**Given data**
=-=-=

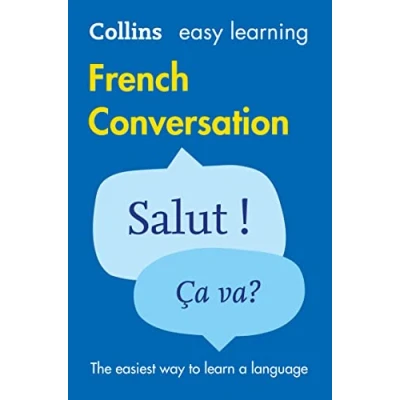 Bild av Easy learning French Conversation: Trusted support for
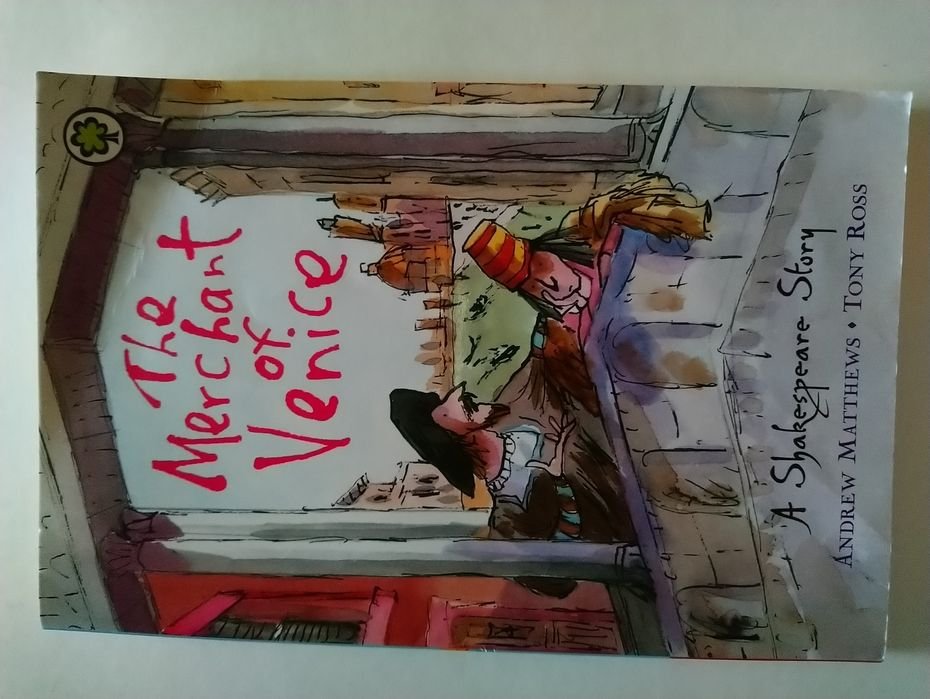 The Merchant of Venice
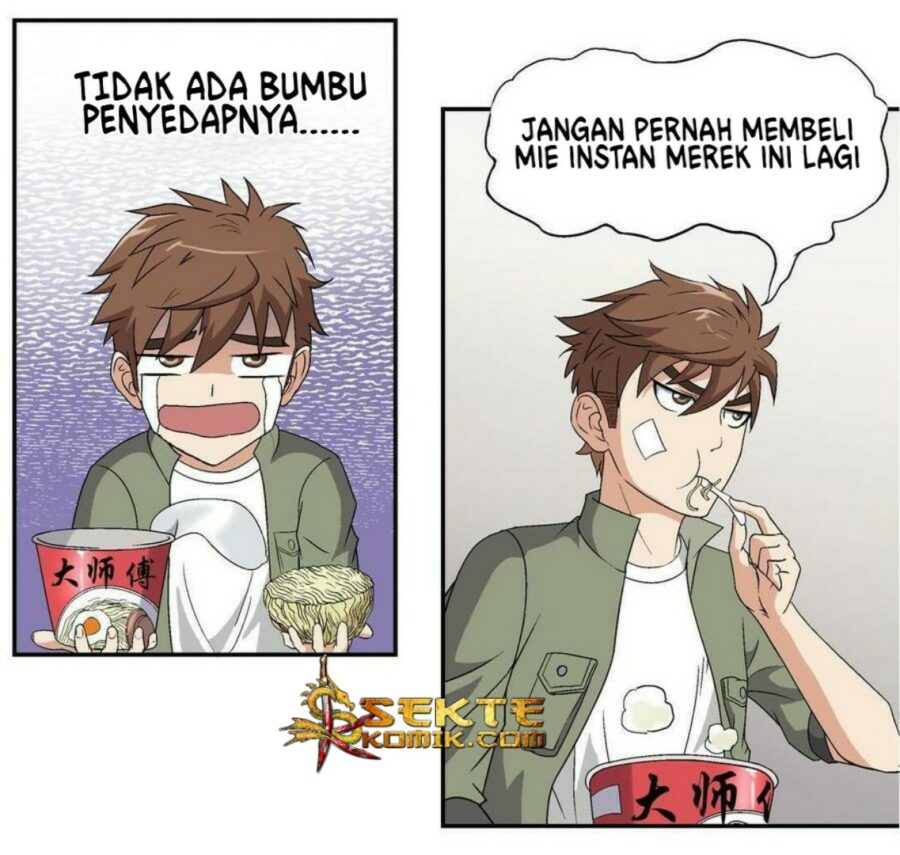 Luck Control Chapter 05 Gambar 12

=-=-=

**Your instructions**
Each line from the line containing "The Merchant of Venice" through the final line of the data above must be retyped exactly; nothing else, and no pictures, may appear.

**Answer below**
 The Merchant of Venice
 Luck Control Chapter 05 Gambar 12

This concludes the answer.